A simple headband was developed, being 50 mm wide and 10 mm thick. The dimensions are consistent with the commercial models. It was fitted to the headform, as shown in Figure 7. The kinematic contact algorithm with a friction coefficient of 0.5 was used to prevent the headband from sliping out of the headform. The objective of this simulation was to impact the system headform-headband against a rigid wall and extract the acceleration measured at the headform’s center of mass, for different headband materials and impact velocities. The selected headform is usually employed in helmet testing, specifically in ECE 22.05 for motorcycle helmets. The inertial moments of this 5.6 kg headform are presented in the Table 7 [31,32]. Table 8 details the formulations for all the parts used in the impact simulation.
Several different impact energy values were tested (Table 9), aiming to recreate several sports impacts (Figure 8), and help analysing the materials behaviour under lower and higher impact energies.

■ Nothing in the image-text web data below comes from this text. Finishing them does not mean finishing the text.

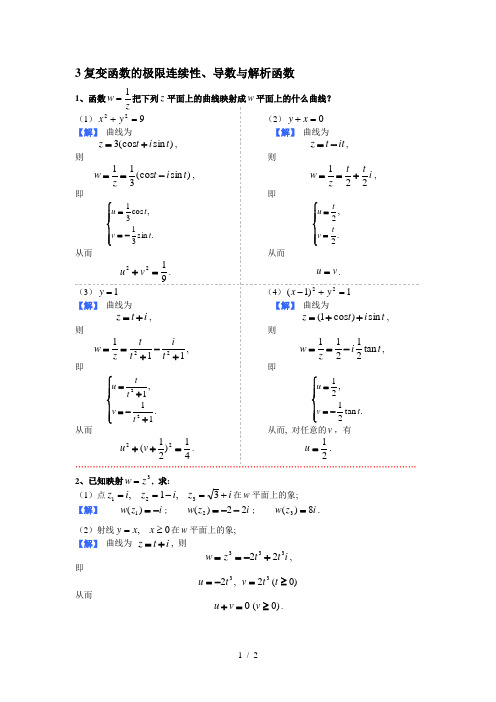 复数的极限与连续性导数与解析函数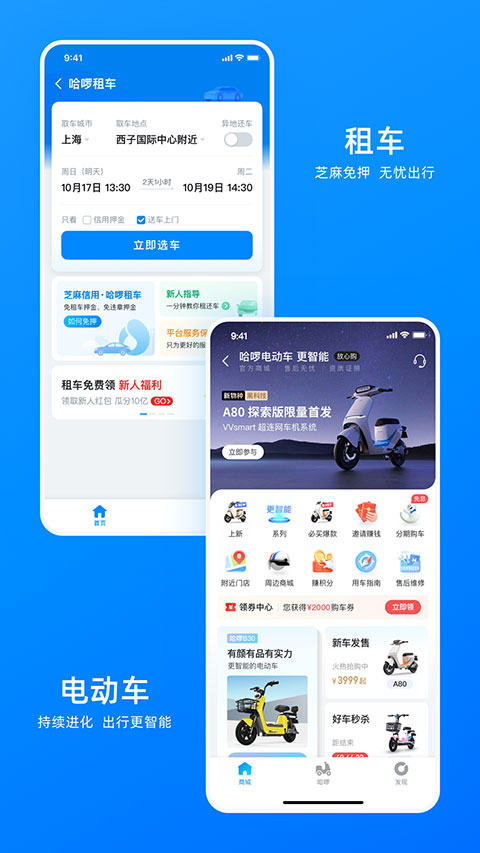 哈啰出行截图2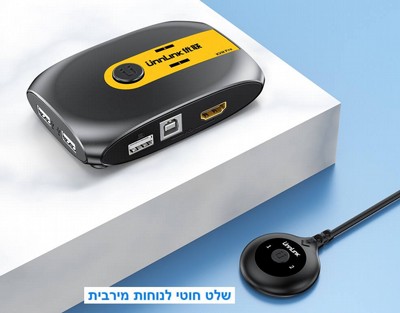 ����� ����� HDMI KVM �-2 ������ ����� ����� ��� HDMI + USB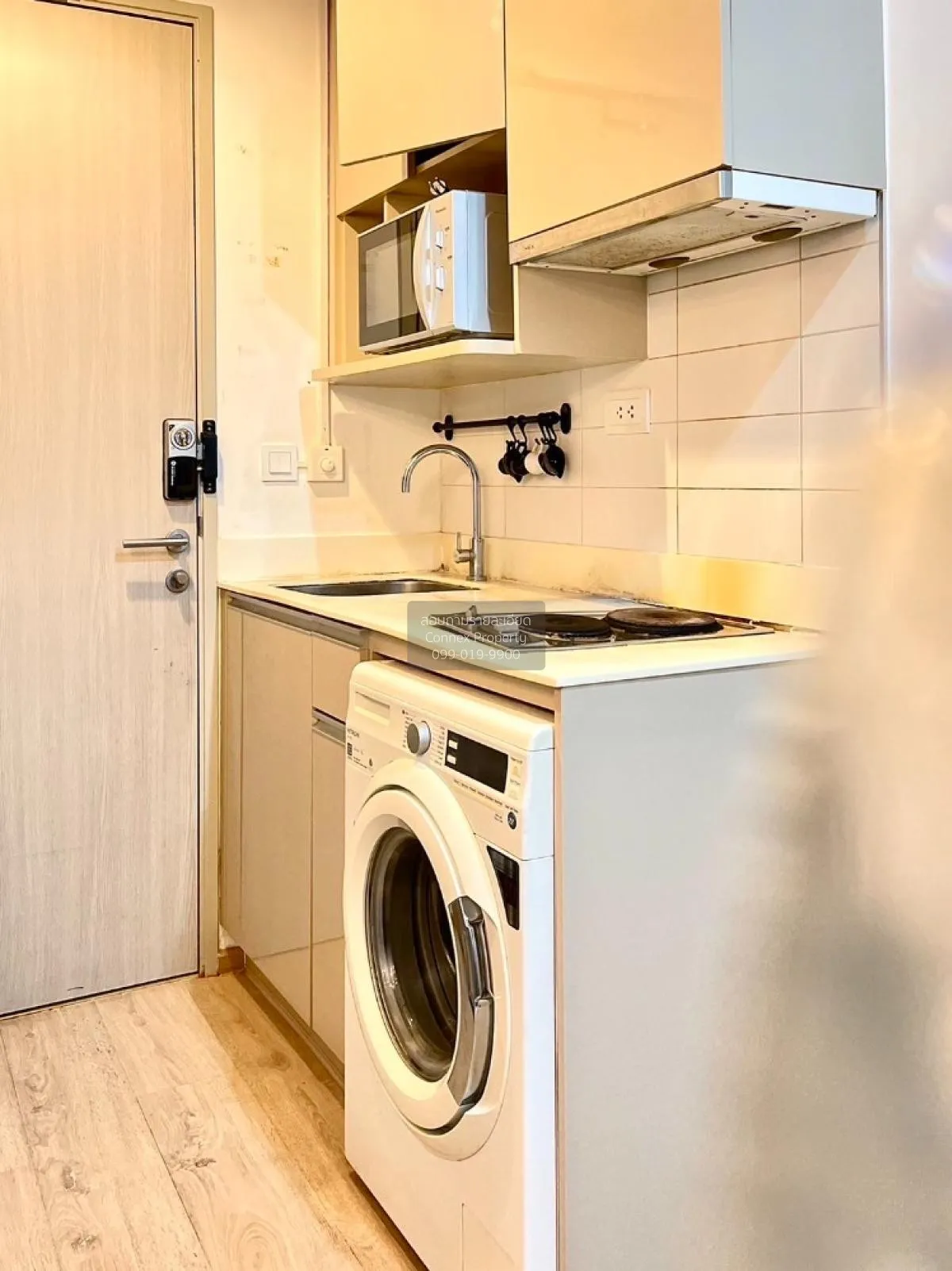 เช่าคอนโด  ไอดีโอ คิว จุฬา-สามย่าน MRT-สามย่าน บางรัก เขต บางรัก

Assuming the mass of the headform of 5.6 kg, the initial velocity necessary to achieve each impact energy level was calculated. Table 9 summarises the energy values and corresponding velocities.

3. Results

3.1. Acceleration Profiles

The simulated bell-shaped, acceleration-time curves for five different energy levels is presented in Figure 9. Regarding crashworthiness, acceleration vs. time curves must preferably have larger bases and lower heights, meaning lower peak accelerations in a larger time-span, meaning that injury thresholds such as the HIC (Head Injury Criterion) will be less critical [38].
In the presented bell-shaped curves, the trend was quite similar for all of the five energy levels under study. The worst performance was attained by the low-density, commercial headband A in all the cases. For low energy impacts (20 J and 40 J), the denser B-type commercial headband presented higher peak accelerations and shorter pulses, while the C-type headband and cork-based one presented a good compromise between pulse and peak accelerations, with intermediate behaviours. As impact energy levels increase, the response of B, C and cork headbands became much more similar.
For an alternative qualitative valuation of headbands’ performance the evolution of the Peak Linear Acceleration (PLA) is shown on Figure 10. Besides the natural trend of increasing PLA values with impact energy, once again the poorer performance of low density A-type headband was noticeable, while the other three (Cork, B and C) presented similar responses in terms of PLA.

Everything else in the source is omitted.